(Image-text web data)
■ ■ ■ ■ ■ ■ ■
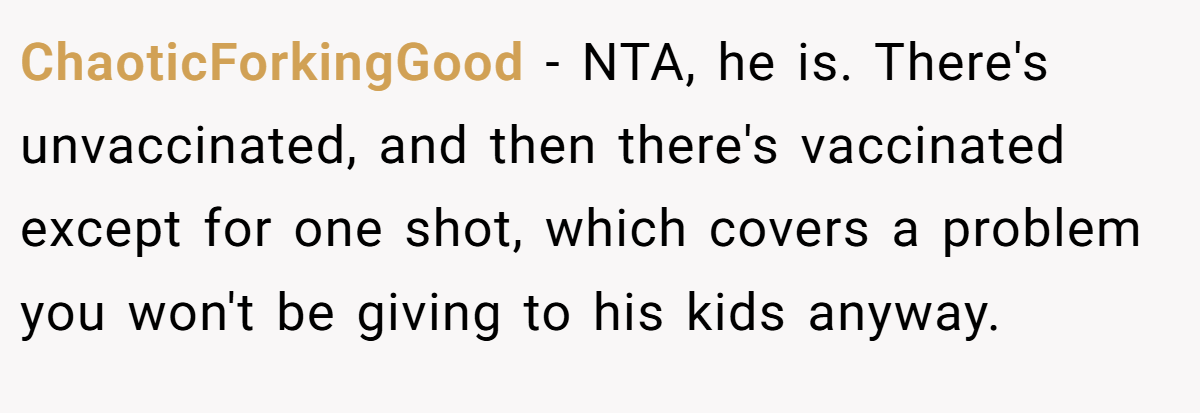 ChaoticForkingGood - NTA, he is. There's unvaccinated, and then there's vaccinated except for one shot, which covers a problem you won't be giving to his kids anyway.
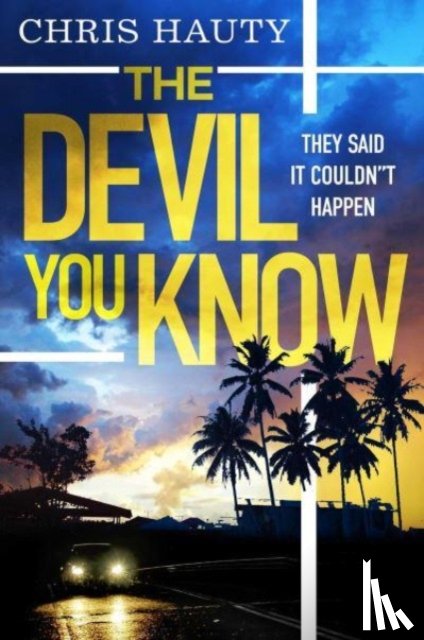 Hauty, Chris - The Devil You Know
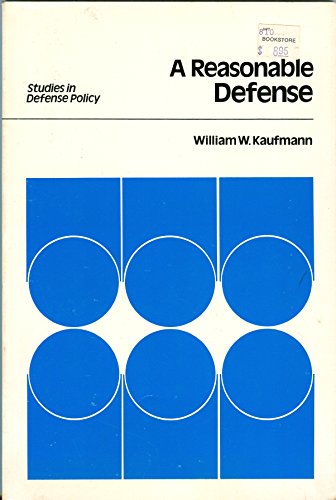 Beispielbild fr A Reasonable Defense (Studies in Defense Policy) zum Verkauf von Wonder Book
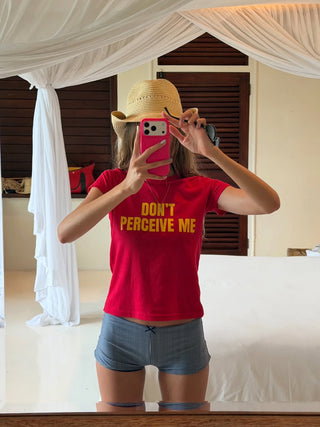 Don't Perceive Me Baby Tee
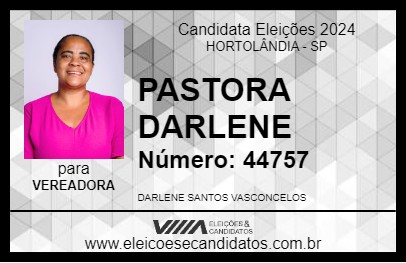 Candidato PASTORA DARLENE 2024 - HORTOLÂNDIA - Eleições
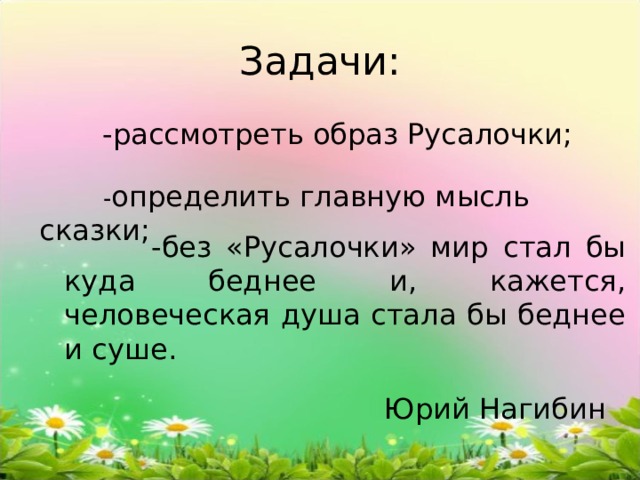 Задачи:   -рассмотреть образ Русалочки;     -без «Русалочки» мир стал бы куда беднее и, кажется, человеческая душа стала бы беднее и суше.      Юрий Нагибин   - определить главную мысль сказки; 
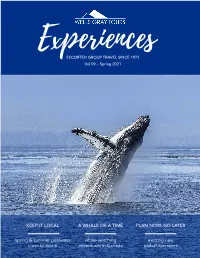 KEEP IT LOCAL Spring & Summer Getaways Close to Home a WHALE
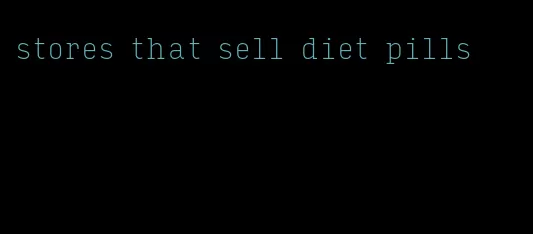 stores that sell diet pills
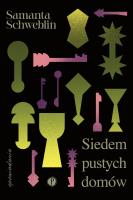 Siedem pustych domów. Autor: Samanta Schweblin. SmakLiter.pl Okładka książki Siedem pustych domów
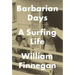 Barbarian Days: A Surfing Life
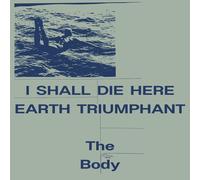 The Body I Shall Die Here/Earth Triumphant 12" Album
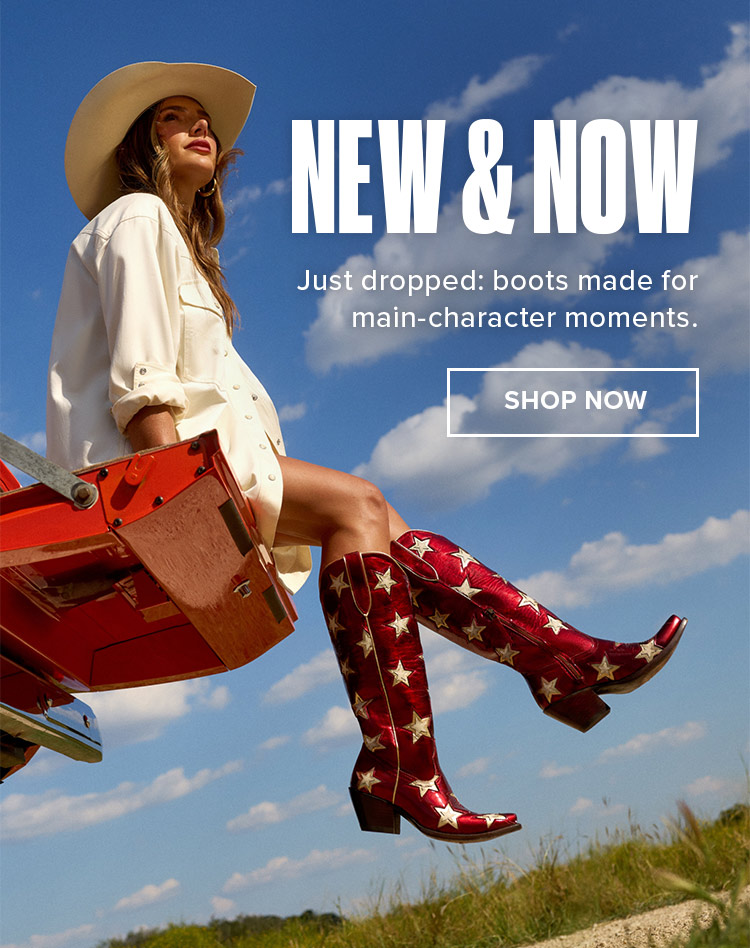 NEW AND NOW. Just dropped: boots made formain-character moments. SHOP NOW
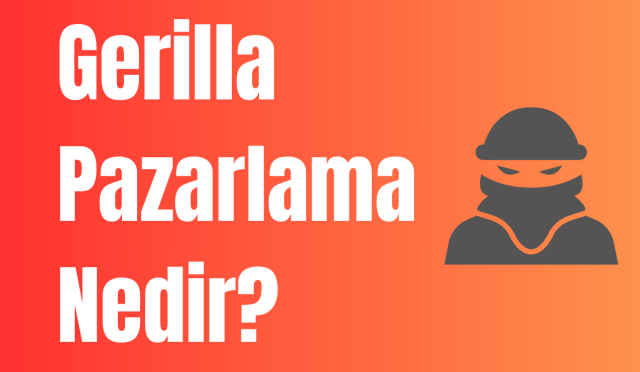 Gerilla Pazarlama Nedir? Örnekleri Nelerdir?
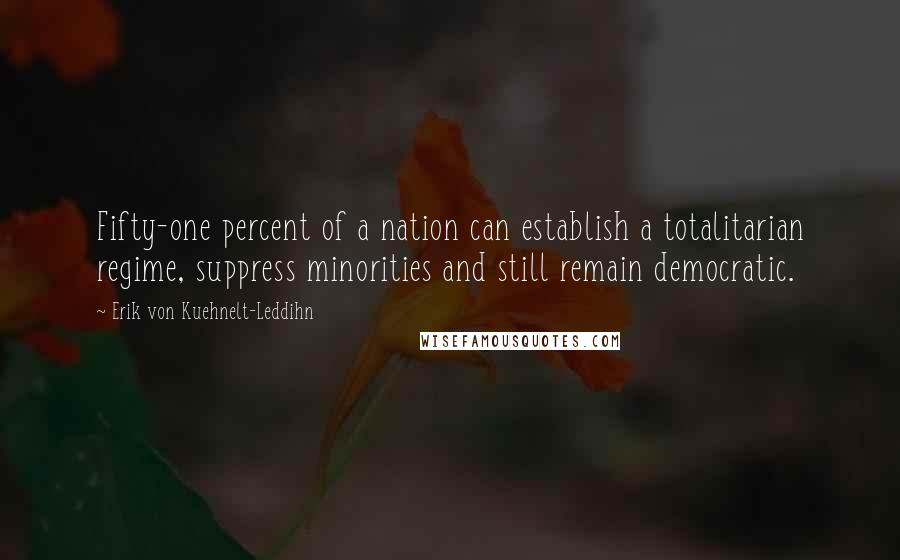 Erik Von Kuehnelt-Leddihn Quotes: Fifty-one percent of a nation can establish a totalitarian regime, suppress minorities and still remain democratic.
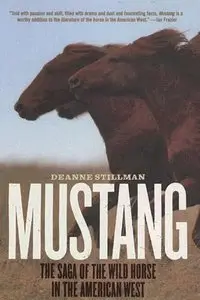 Mustang: The Saga of the Wild Horse in the American West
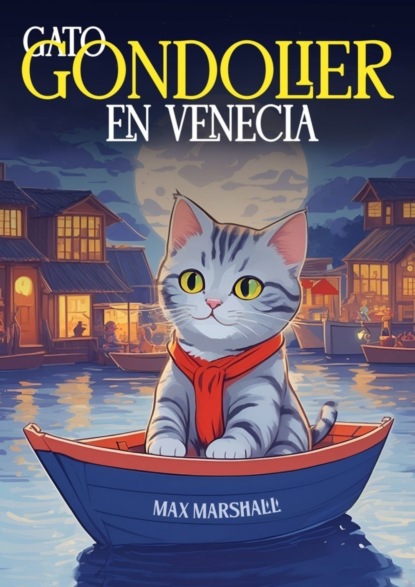 Скачать книгу Gato Gandolier en Venecia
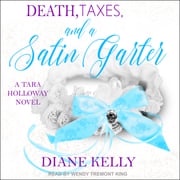 Death, Taxes, and a Satin Garter Diane Kelly
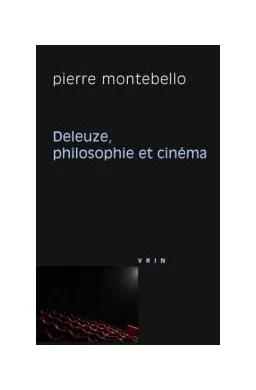 Deleuze, philosophie et cinéma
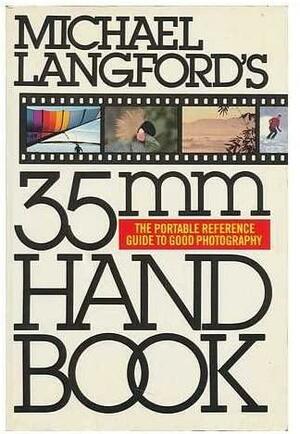 M.langford 35mm Handbk by Michael Langford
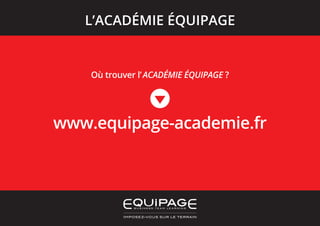 Où trouver l’ACADÉMIE ÉQUIPAGE ?
www.equipage-academie.fr
L’ACADÉMIE ÉQUIPAGE
 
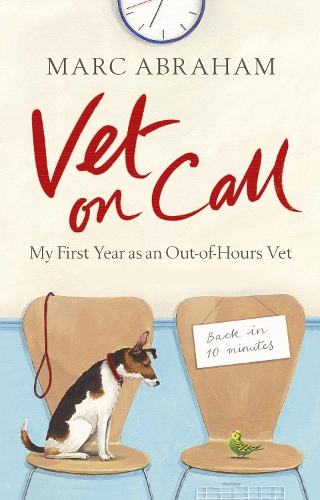 Паперова книга «Vet on Call: My First Year as an Out-of-Hours Vet», автор Марк Абрахам - фото №1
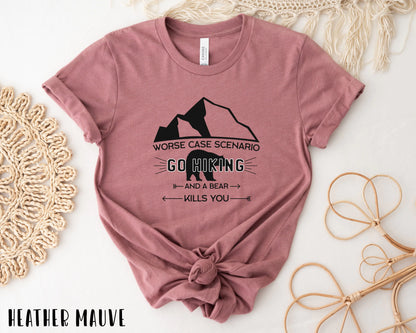 Worst Scenario, Go Hiking Bear Kills You T-Shirt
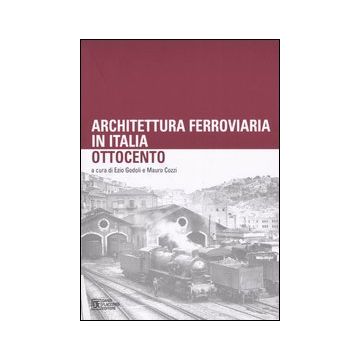 Architettura ferroviaria in Italia. Ottocento. Atti del Convegno di Studi (Palermo, 13-14 novembre 2003)
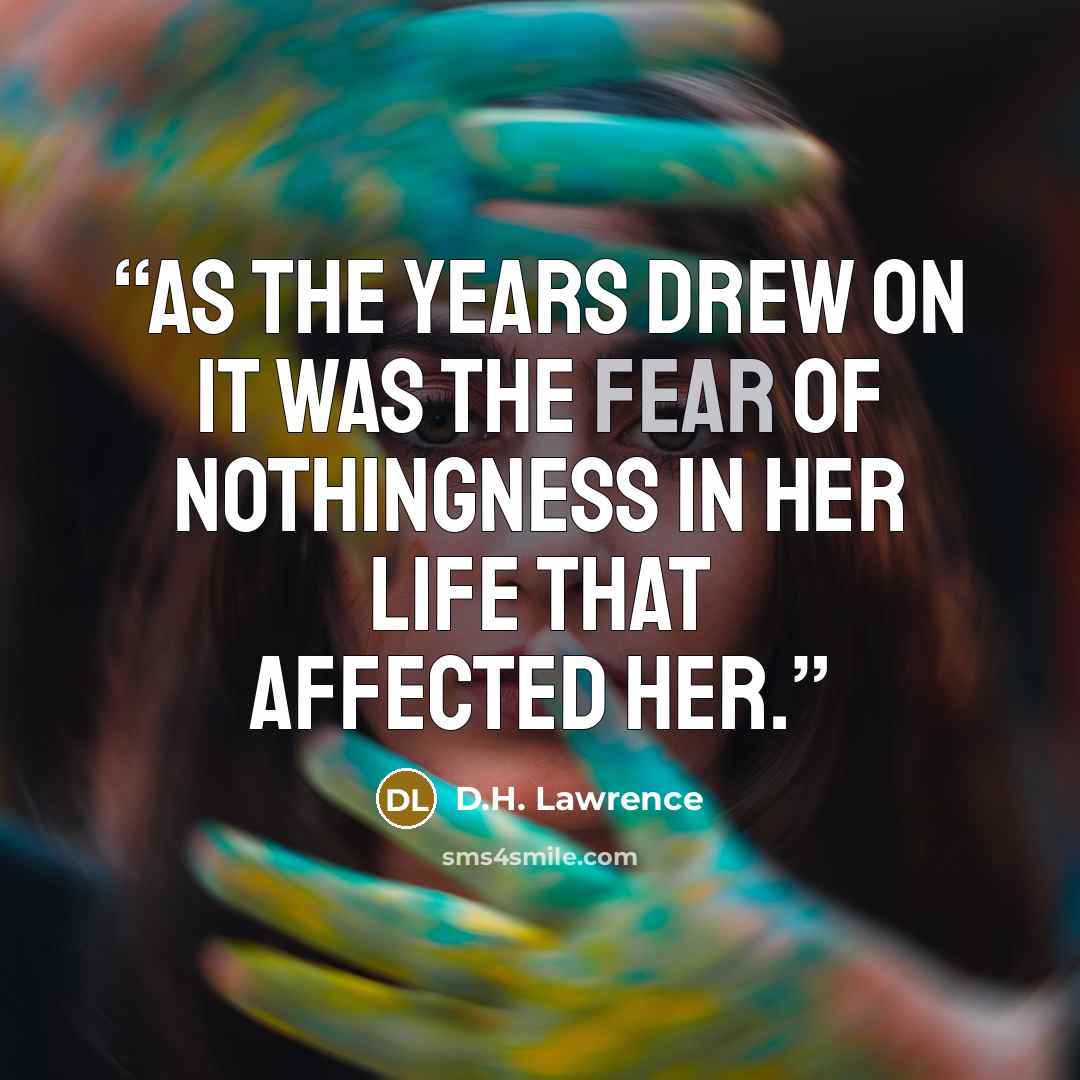 “As the years drew on it was the fear of nothingness in her life that affected her.” quote by D.H. Lawrence
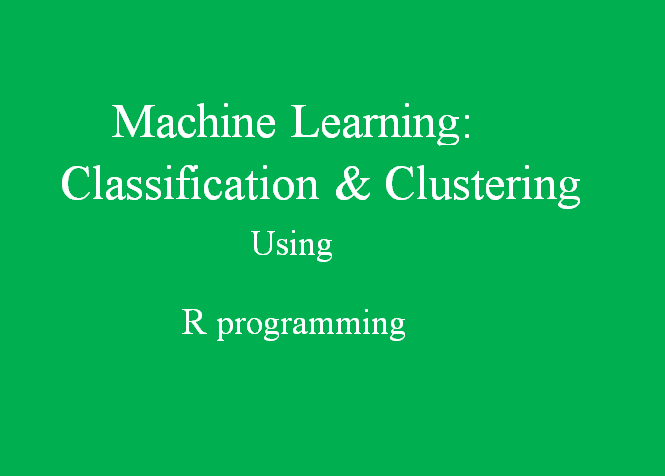 I will machine Learning ,classification and Clustering using R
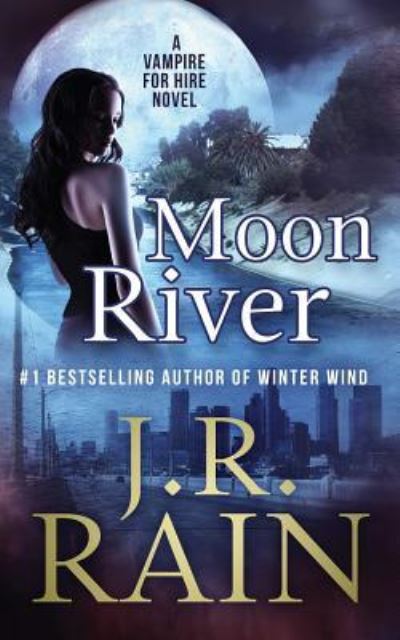 Cover for J R Rain · Moon River (Pocketbok) (2017)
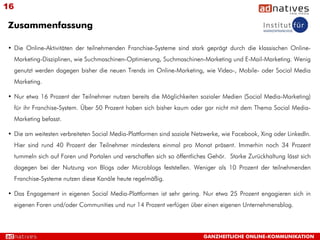 16

Zusammenfassung

• Die Online-Aktivitäten der teilnehmenden Franchise-Systeme sind stark geprägt durch die klassischen Online-
     Marketing-Disziplinen, wie Suchmaschinen-Optimierung, Suchmaschinen-Marketing und E-Mail-Marketing. Wenig
     genutzt werden dagegen bisher die neuen Trends im Online-Marketing, wie Video-, Mobile- oder Social Media
     Marketing.

• Nur etwa 16 Prozent der Teilnehmer nutzen bereits die Möglichkeiten sozialer Medien (Social Media-Marketing)
     für ihr Franchise-System. Über 50 Prozent haben sich bisher kaum oder gar nicht mit dem Thema Social Media-
     Marketing befasst.

• Die am weitesten verbreiteten Social Media-Plattformen sind soziale Netzwerke, wie Facebook, Xing oder LinkedIn.
     Hier sind rund 40 Prozent der Teilnehmer mindestens einmal pro Monat präsent. Immerhin noch 34 Prozent
     tummeln sich auf Foren und Portalen und verschaffen sich so öffentliches Gehör. Starke Zurückhaltung lässt sich
     dagegen bei der Nutzung von Blogs oder Microblogs feststellen. Weniger als 10 Prozent der teilnehmenden
     Franchise-Systeme nutzen diese Kanäle heute regelmäßig.

• Das Engagement in eigenen Social Media-Plattformen ist sehr gering. Nur etwa 25 Prozent engagieren sich in
     eigenen Foren und/oder Communities und nur 14 Prozent verfügen über einen eigenen Unternehmensblog.




                                                                           GANZHEITLICHE ONLINE-KOMMUNIKATION
 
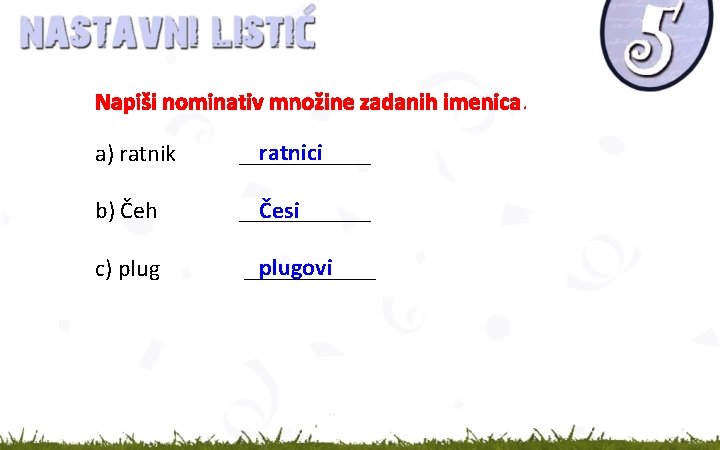 Napiši nominativ množine zadanih imenica. a) ratnik ratnici ______ b) Čeh Česi ______ c)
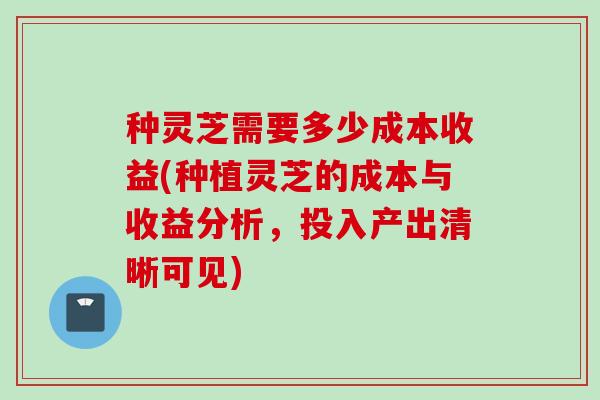 种灵芝需要多少成本收益(种植灵芝的成本与收益分析，投入产出清晰可见)
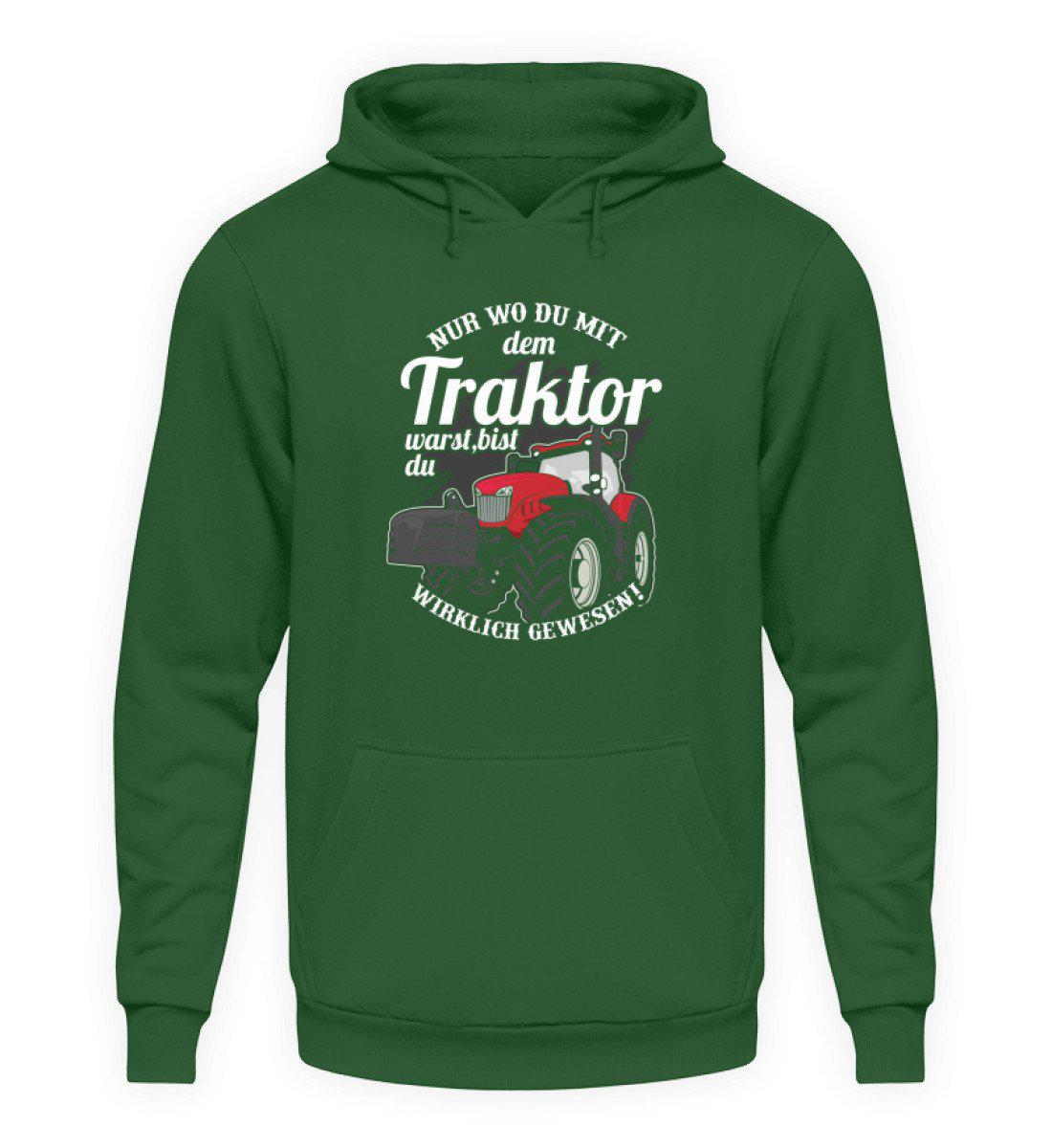 Wo du mit dem Traktor warst · Unisex Kapuzenpullover Hoodie-Unisex Hoodie-Bottle Green-S-Agrarstarz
■ ■ ■ ■ ■ ■ ■
Task directions: The records above are to be set down exactly as written, with no images.

Answer:
 ChaoticForkingGood - NTA, he is. There's unvaccinated, and then there's vaccinated except for one shot, which covers a problem you won't be giving to his kids anyway.
 Hauty, Chris - The Devil You Know
 Beispielbild fr A Reasonable Defense (Studies in Defense Policy) zum Verkauf von Wonder Book
 Don't Perceive Me Baby Tee
 Candidato PASTORA DARLENE 2024 - HORTOLÂNDIA - Eleições
 Задачи:   -рассмотреть образ Русалочки;     -без «Русалочки» мир стал бы куда беднее и, кажется, человеческая душа стала бы беднее и суше.      Юрий Нагибин   - определить главную мысль сказки; 
 KEEP IT LOCAL Spring & Summer Getaways Close to Home a WHALE
 stores that sell diet pills
 Siedem pustych domów. Autor: Samanta Schweblin. SmakLiter.pl Okładka książki Siedem pustych domów
 Barbarian Days: A Surfing Life
 The Body I Shall Die Here/Earth Triumphant 12" Album
 NEW AND NOW. Just dropped: boots made formain-character moments. SHOP NOW
 Gerilla Pazarlama Nedir? Örnekleri Nelerdir?
 Erik Von Kuehnelt-Leddihn Quotes: Fifty-one percent of a nation can establish a totalitarian regime, suppress minorities and still remain democratic.
 Mustang: The Saga of the Wild Horse in the American West
 Скачать книгу Gato Gandolier en Venecia
 Death, Taxes, and a Satin Garter Diane Kelly
 Deleuze, philosophie et cinéma
 M.langford 35mm Handbk by Michael Langford
 Où trouver l’ACADÉMIE ÉQUIPAGE ?
www.equipage-academie.fr
L’ACADÉMIE ÉQUIPAGE
 
 Паперова книга «Vet on Call: My First Year as an Out-of-Hours Vet», автор Марк Абрахам - фото №1
 Worst Scenario, Go Hiking Bear Kills You T-Shirt
 Architettura ferroviaria in Italia. Ottocento. Atti del Convegno di Studi (Palermo, 13-14 novembre 2003)
 “As the years drew on it was the fear of nothingness in her life that affected her.” quote by D.H. Lawrence
 I will machine Learning ,classification and Clustering using R
 Cover for J R Rain · Moon River (Pocketbok) (2017)
 16

Zusammenfassung

• Die Online-Aktivitäten der teilnehmenden Franchise-Systeme sind stark geprägt durch die klassischen Online-
     Marketing-Disziplinen, wie Suchmaschinen-Optimierung, Suchmaschinen-Marketing und E-Mail-Marketing. Wenig
     genutzt werden dagegen bisher die neuen Trends im Online-Marketing, wie Video-, Mobile- oder Social Media
     Marketing.

• Nur etwa 16 Prozent der Teilnehmer nutzen bereits die Möglichkeiten sozialer Medien (Social Media-Marketing)
     für ihr Franchise-System. Über 50 Prozent haben sich bisher kaum oder gar nicht mit dem Thema Social Media-
     Marketing befasst.

• Die am weitesten verbreiteten Social Media-Plattformen sind soziale Netzwerke, wie Facebook, Xing oder LinkedIn.
     Hier sind rund 40 Prozent der Teilnehmer mindestens einmal pro Monat präsent. Immerhin noch 34 Prozent
     tummeln sich auf Foren und Portalen und verschaffen sich so öffentliches Gehör. Starke Zurückhaltung lässt sich
     dagegen bei der Nutzung von Blogs oder Microblogs feststellen. Weniger als 10 Prozent der teilnehmenden
     Franchise-Systeme nutzen diese Kanäle heute regelmäßig.

• Das Engagement in eigenen Social Media-Plattformen ist sehr gering. Nur etwa 25 Prozent engagieren sich in
     eigenen Foren und/oder Communities und nur 14 Prozent verfügen über einen eigenen Unternehmensblog.




                                                                           GANZHEITLICHE ONLINE-KOMMUNIKATION
 
 Napiši nominativ množine zadanih imenica. a) ratnik ratnici ______ b) Čeh Česi ______ c)
 种灵芝需要多少成本收益(种植灵芝的成本与收益分析，投入产出清晰可见)
 Wo du mit dem Traktor warst · Unisex Kapuzenpullover Hoodie-Unisex Hoodie-Bottle Green-S-Agrarstarz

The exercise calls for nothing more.